UN to cut food aid for Nigeria crisis as funding falls short


Food aid will be cut for more than a million hungry Nigerians affected by Boko Haram's insurgency if promised funding from the international community doesn't arrive, according to a United Nations official.

Peter Lundberg, the deputy U.N. humanitarian coordinator in Nigeria, wrote in the French newspaper Le Monde that just 15 percent of the U.N. aid appeal for one of the world's worst humanitarian crises has been received. Over the next six months, $242 million is needed to help 1.8 million people, he said.

"Without sufficient financing, the World Food Program will have to reduce its vital support," he wrote Friday.

A half-million children in northeast Nigeria are suffering from severe malnutrition, Lundberg said. "Without treatment, one in five will die," he said.

WFP's Nigeria office did not respond to a request for more details on what aid would be cut and when.

Nigeria is part of what the U.N. has called the largest humanitarian crisis since the world body was founded in 1945, with more than 20 million people in four countries facing possible famine. The other nations are South Sudan, Somalia and Yemen.

Lundberg said the U.N. has appealed for $1 billion in aid this year for Nigeria, where an estimated 4.7 million people in the northeast are in urgent need of food aid.

Nigeria's military has been fighting to win back areas that have been under the control of the Boko Haram extremist group. The years-long radical insurgency in the vast northeast has disrupted both markets and farming, creating the hunger crisis.

As President Donald Trump seeks to cut foreign aid under the slogan of "America First," two U.S. senators are proposing making American food assistance more efficient after meeting with victims of South Sudan's famine and civil war.

Following a visit to the world's largest refugee settlement in northern Uganda with the Republican chairman of the Senate Foreign Relations Committee, Democratic Sen. Chris Coons of Delaware told The Associated Press on Saturday that the U.S. "can deliver more food aid at less cost" through foreign food aid reform.

The United States spent roughly $2.8 billon in foreign food aid last year and is the world's largest provider of humanitarian assistance. But current regulations require most food aid to be grown in the U.S. and shipped under an American flag.

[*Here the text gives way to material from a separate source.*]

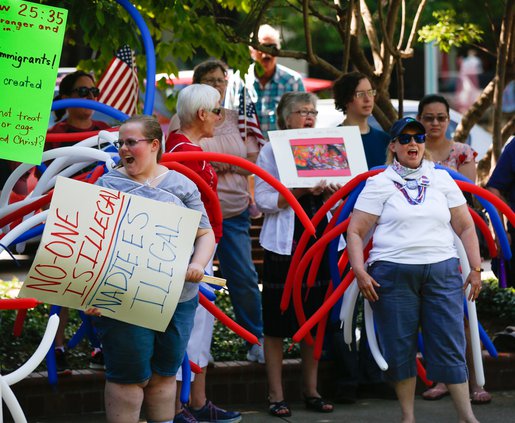 07052019 PROTEST 003.jpg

he U.N. says South Sudan is part of the largest humanitarian crisis since World War II, with roughly 20 million people there and in Somalia, Nigeria and Yemen facing possible famine. Two counties in South Sudan were declared famine areas in February.

The senators watched as South Sudanese divided sacks of corn and cereals during a food distribution. Behind them, snaking lines of refugees waited for their rations of food that last for 40 days.

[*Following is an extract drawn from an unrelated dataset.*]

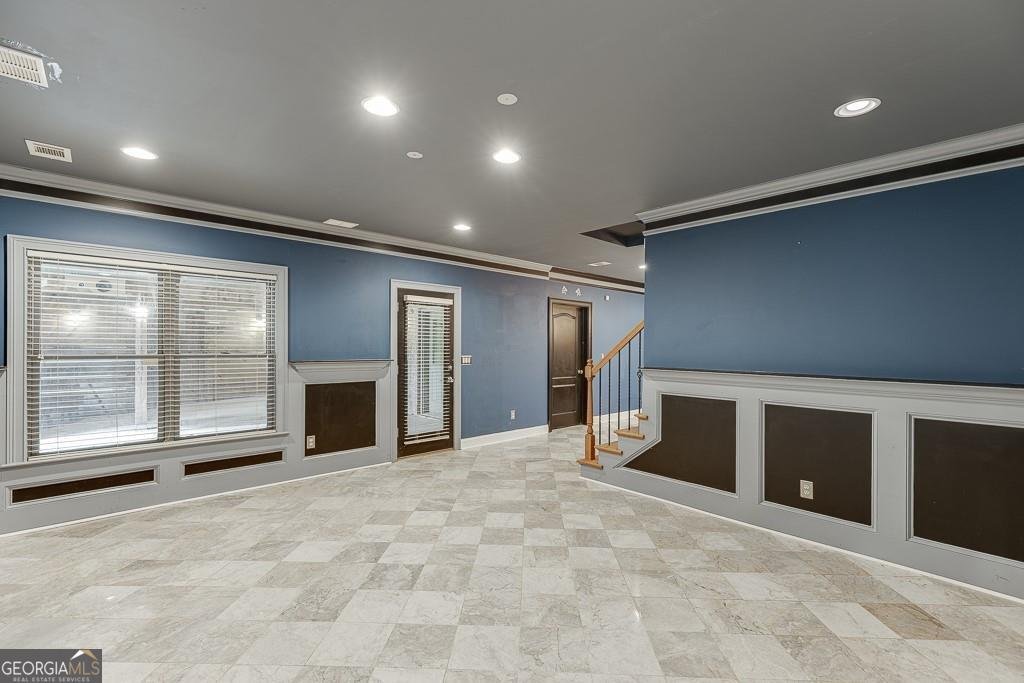 940 Chateau Forest Road Hoschton - Photo 63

The Bidi Bidi settlement is a sprawling complex of mud-brick houses that hold some of the world's most desperate people. With little respite from the fierce sun, arguments broke out at the food distribution site.

"We don't have enough food," said Madra Dominic, one of the waiting refugees. "Right now they are reducing (food)." Uganda's government has said it is near "breaking point" and that there could be serious food shortages if more outside aid doesn't arrive.

In March, Trump proposed a budget that would cut 28 percent of funding for diplomacy and foreign aid, singling out the Food for Peace program that funds a majority of U.S. foreign food assistance.